The managers explained that, because generative AI companies have not explained where they obtain the information on which their models are trained, “you are expected to be mindful that anything you type into an GenAI-based tool may resurface elsewhere externally”.

OpenAI says it no longer trains its LLMs on text entered by users into ChatGPT. Nonetheless, Telegraph staff were asked not to enter significant amounts of proprietary copy into an AI, pre- or post-publication, and to avoid entering information that was “company confidential or editorially sensitive” or that contains personally identifiable information such as names or email addresses. Doing so, employees were told, “could breach data protection laws”.

What has The Telegraph permitted staff to do with generative AI?

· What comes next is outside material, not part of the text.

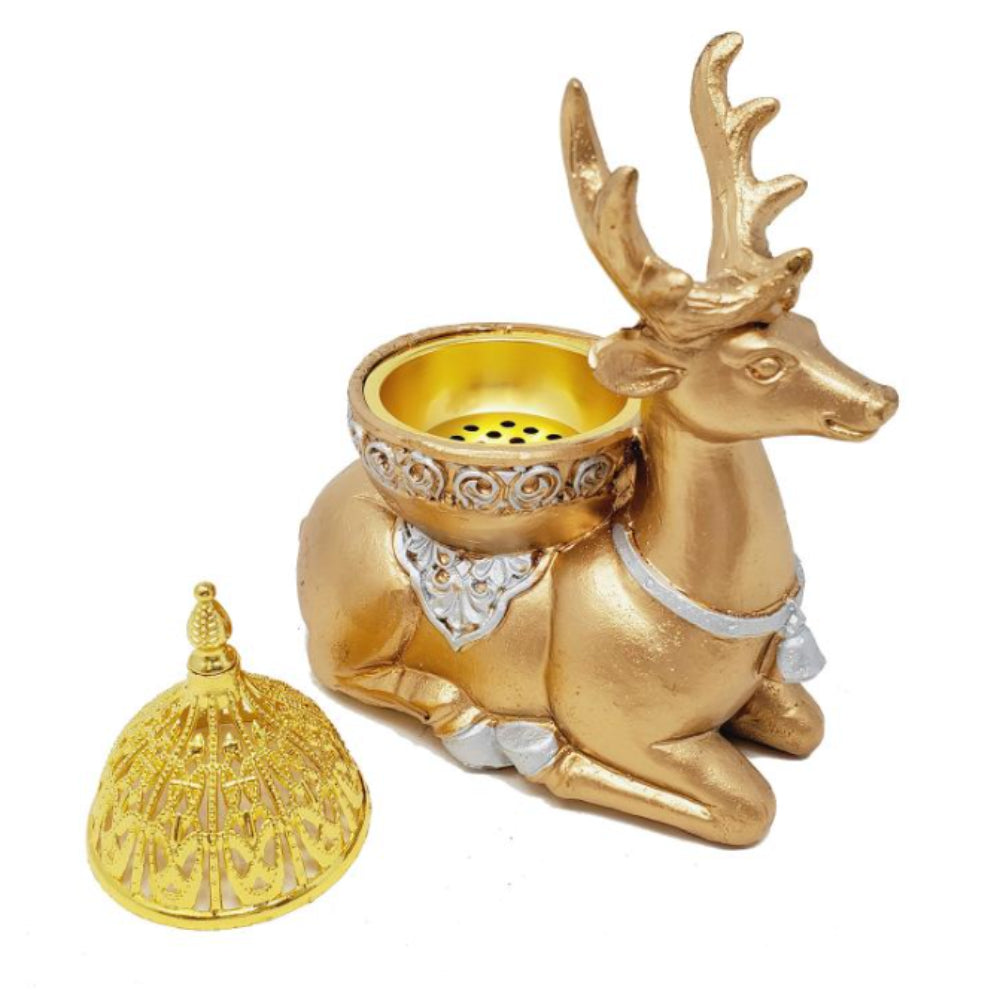 Gold Reindeer Incense & Candle Holder from 13 Moons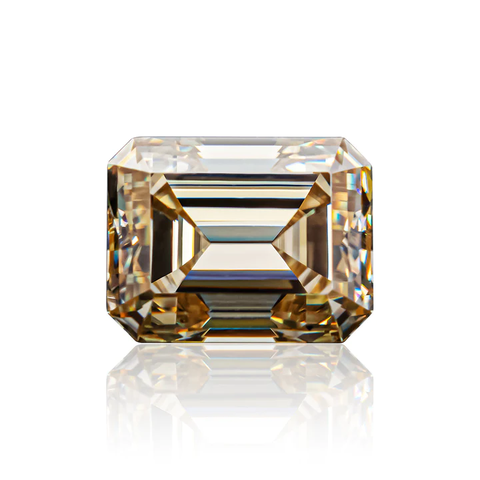 KIM CƯƠNG Emerald Cut Natural Yellow Loose Moissanite Stone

Despite the prohibitions, Telegraph editors said the company “will adopt a more pragmatic and permissive approach to uses of AI for ‘back office’ activities that do not involve direct publication of AI output”.

These include:

  • Generating story ideas (“but the journalist is responsible for critiquing the ideas and ensuring that if one is advanced it is coherent, relevant and correctly prosecuted”)
  • Coming up with ideas for a story illustration (but the illustration suggested by the AI must then be commissioned separately)
  • Suggesting headlines
  • Research assistance (“but all links and ‘facts’… must be traced back… and verified”).

Staff were also permitted to use AI “to predict story development and lines that might be pursued on a long-running story”.

But the editors said that even when using AI-generated information in “non-publication contexts… employees bear the responsibility to ensure it is correct and appropriately used”.

Telegraph Media Group chief executive Nick Hugh said earlier this year that while there were opportunities in generative AI, “I’m much less pro-automated content generation”.

He was speaking on a panel alongside Guardian Media Group chief executive Anna Bateson, whose publication in June issued its own “three broad principles” on AI use. Like The Telegraph’s, The Guardian’s AI policy encourages staff to only include chunks of GPT-created text with “human oversight” of its claims and “the explicit permission of a senior editor”.